Well, Grampa John has begun spinning ridiculous tales yet again. Gramma's gonna kill us for letting him have that second beer.
Yes, John McCain is out there embarrassing himself once more, this time in an attempt to draw a distinction between "terrorist appeasers" like Barack Obama and "real Americans" like, oh say, Ronald Reagan.
From the New York Times:
"Yes, there have been appeasers in the past, and the president is exactly right, and one of them is Neville Chamberlain," Mr. McCain told reporters on his campaign bus after a speech in Columbus, Ohio. "I believe that it’s not an accident that our hostages came home from Iran when President Reagan was president of the United States. He didn’t sit down in a negotiation with the religious extremists in Iran, he made it very clear that those hostages were coming home."
Ah yes, good ol' Rambo Reagan! Stood firm against the terrorist hordes and refused to budge an inch until the hostages were released. Issued a no-nonsense ultimatum, stripped to the waist, and flexed heroically right there in front of God and the world and everyone until the godless terrorist hordes fell to their knees and let the hostages go.
Oh, wait a second. Sorry to do this folks, but I'm a professional editor and you know how ticky-tacky we get when we see minor little errors in a bit of text. There's just one little thing I see wrong with that NY Times quote, and it's just gonna sit there and bug me unless I fix it. Y'all understand, right?
Here ya go:
"I believe that it's not an accident that our hostages came home from Iran when President Reagan was [BEING SWORN IN AS] president of the United States."
MUCH better!
Yeah, ol' Grampa John seems to have conveniently forgotten that the hostages were released literally minutes after Reagan was sworn in, and not as the result of the sort of extended campaign of red-white-and-blue chest thumping that McCain seems to want to imply they were.

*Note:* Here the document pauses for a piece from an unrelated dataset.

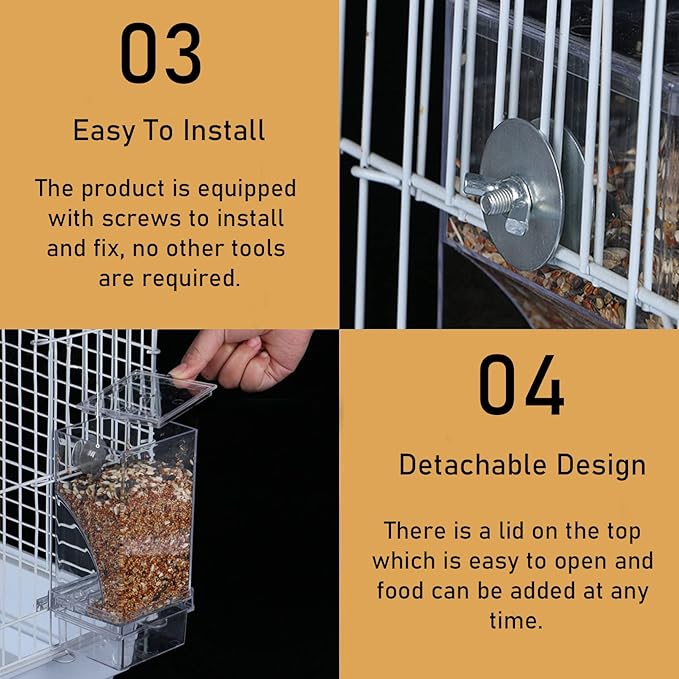 Parrot Automatic Feeder No Mess Bird Feeder Food Container Feeding Station Foraging Cage Accessories Acrylic Suitable for Parrot Cockatoo Canary Love Bird (Transparent)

But here again, John McCain is just making up his own alternate version of history. But why? That's the big question. Is he doing it deliberately, banking on the hopes that we all have the attention spans of syphilitic gnats and won't know the difference? Or is he genuinely just unable to remember basic historical events these days?
And most importantly, is either possibility in any way considered a positive quality for a potential President of the United States?